Dall’Iraq ancora notizie di attacchi alla comunità cristiana. Stamani una persona
ha perso la vita e oltre 30 sono rimaste ferite nell’esplosione a Mossul, nel nord
del Paese, di tre potenti ordigni. Nel mirino dei terroristi la chiesa siriaco-cattolica
della Vergine Maria, che ha subito lievi danni nella deflagrazione di due autobomba,
mentre una terza esplosione ha investito la chiesa siriaca-ortodossa della Purezza
con la vicina scuola cristiana. Altri tre attentati sono avvenuti nel centro di Baghdad
con un bilancio di tre morti e 14 feriti. Per un commento su questa nuova ondata di
attentati, Giancarlo La Vella ha raggiunto telefonicamente don Renato Sacco,
consigliere nazionale di Pax Christi, appena rientrato dall’Iraq:
R. – Credo
che sia da leggere come prima motivazione guardando agli interessi di potere legati
alle elezioni fissate per il 7 marzo prossimo, con la spartizione di potere con minoranze
portate con la forza ad allinearsi con qualche potere. La seconda cosa è sicuramente
nella spartizione del petrolio: in questi giorni ci sono in corso grandi appalti,
qualcuno vorrebbe avere fuori dai piedi le minoranze e forse qui entra anche la motivazione
religiosa di fare una città etnicamente pulita – Mossul – per potere decidere liberamente.

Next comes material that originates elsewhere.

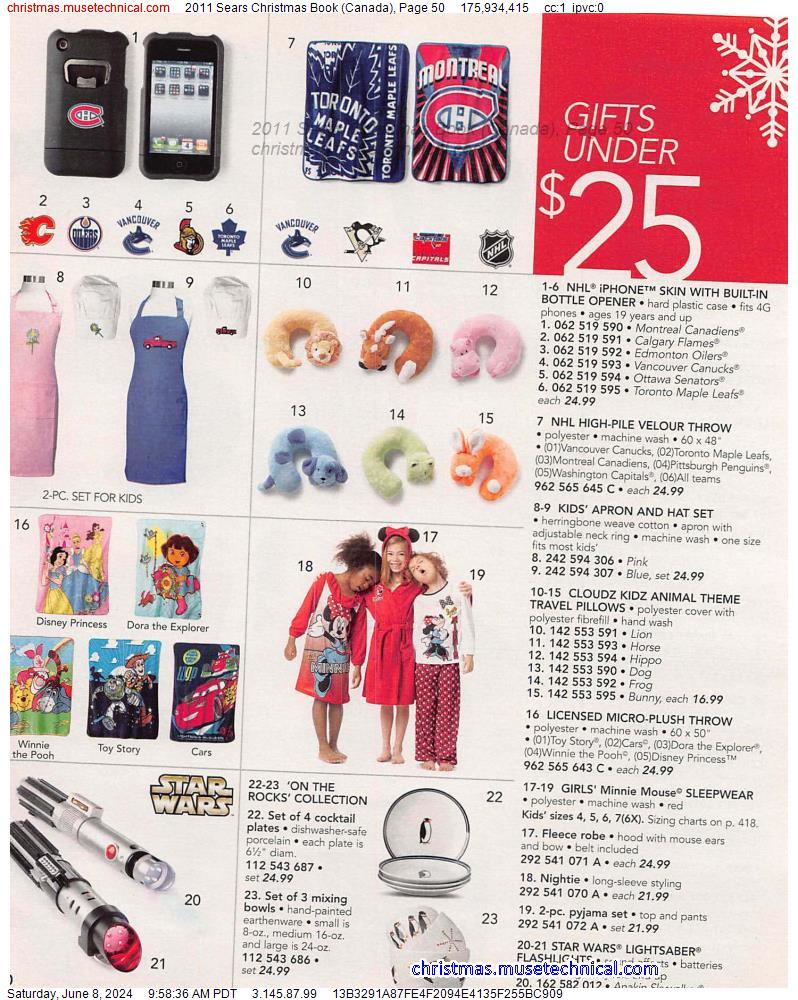 2011 Sears Christmas Book (Canada), Page 50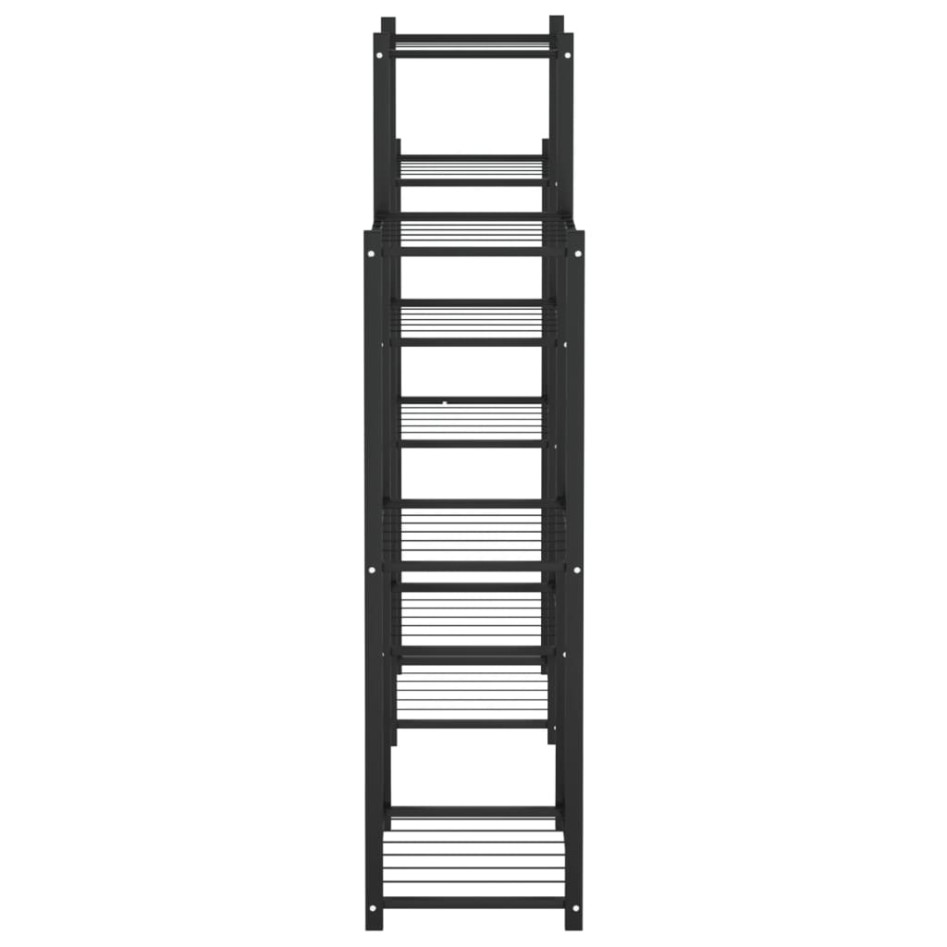 Soporte para flores de hierro negro 83x25x100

Io credo che sia un invito anche per noi a prepararci al Natale con una speranza vera,
senza dimenticare chi vive queste violenze. Loro ci chiedono: “Non dimenticateci:
la sensazione è che a volte siamo soli!”.
D. – Secondo
lei, perché questi attentati cercano di colpire la storica prerogativa dell’Iraq,
cioè la pacifica convivenza – da sempre – di etnie e di religioni diverse?
R.
– L’Iraq, di fatto, è la culla non solo della civiltà ma anche di questa convivenza
secolare di religioni, di etnie, di culture diverse. Voler distruggere questo, credo
sia voler distruggere l’Iraq. Sicuramente qualcuno ha questo progetto diabolico! Credo
che dobbiamo leggere questo davvero come un richiamo per noi a sostenere chi è là
– cristiani, musulmani, tutte le minoranze che ci sono – perché possano resistere
e continuare. Se viene meno questa compresenza cristiana, chi ci rimette non sono
solo i cristiani che fuggono o che vengono uccisi, ma ci rimette tutto l’Iraq, e come
un’onda lunga ci rimette anche l’Occidente: pagheremo anche noi questo clima di sconfitta
della convivenza. Quindi potremmo dire che è anche interesse nostro impegnarci di
più perché in Iraq continui la convivenza e cresca la pace.